Powers' argues that the ALJ erred by not adopting certain limitations found by a physician to whose opinion he otherwise accorded significant weight.
As a result of a consultative examination performed in September 2006, Kevin Blackwell, D.O., opined, among other findings, that while there were no specific limitations for hand usage, "repetitive data entry and typing activities may aggravate carpal tunnel syndrome and these activities should be limited to 2/3 of the day or less." (R. at 288.)
The ALJ did not incorporate this limitation in his RFC findings, although he otherwise stated that he "accord[ed] great weight to the consistent and well-supported opinions of Dr. Blackwell." (R. at 21.) Moreover, he did not include this limitation in the hypothetical question he posed to the VE. Based on that hypothetical question, the VE gave his opinion as to the occupations available to meet Power's limitations.

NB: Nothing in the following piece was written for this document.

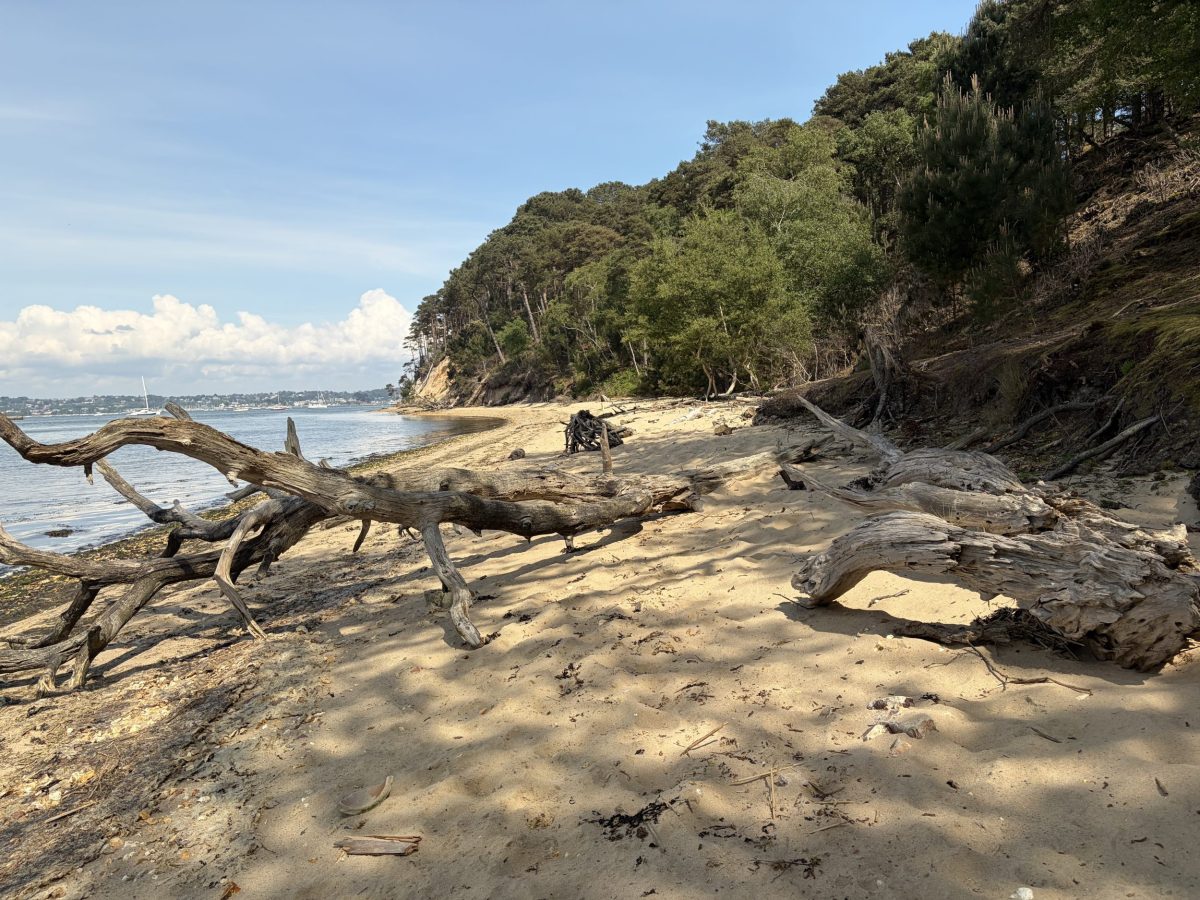 Sandy beach with driftwood on the shoreline of Brownsea Island, Dorset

While it is true that the plaintiff did not specifically complain of the carpel tunnel syndrome at the hearing before the ALJ, she did testify that her hands were "numb" as a result of her cervical disc disease. (R. at 536.) However, Powers has not worked for some time and accordingly it would not be surprising that her carpel tunnel syndrome was not a current problem at the time of her hearing before the ALJ.
The Commissioner argues that the ALJ's RFC findings "accommodated" Powers' carpel tunnel syndrome by limiting her to frequent lifting/carrying of up to ten pounds. (Def.'s Brief 19.) But it is not apparent how that limitation is related to the limitation prescribed by Dr. Blackwell on data entry and typing.
Under these circumstances, I find that further administrative consideration of Dr. Blackwell's limitation is necessary in order to fairly adjudicate Powers' claim of disability.
I have considered Powers' other contentions, but I do not find them meritorious, for the reasons stated in the Commissioner's brief.
IV
For the foregoing reasons, the motions for summary judgment will be denied, and the Commissioner's final decision will be vacated and the case remanded to the Commissioner pursuant to the fourth sentence of 42 U.S.C.A. § 405(g) for further proceedings consistent with this Opinion.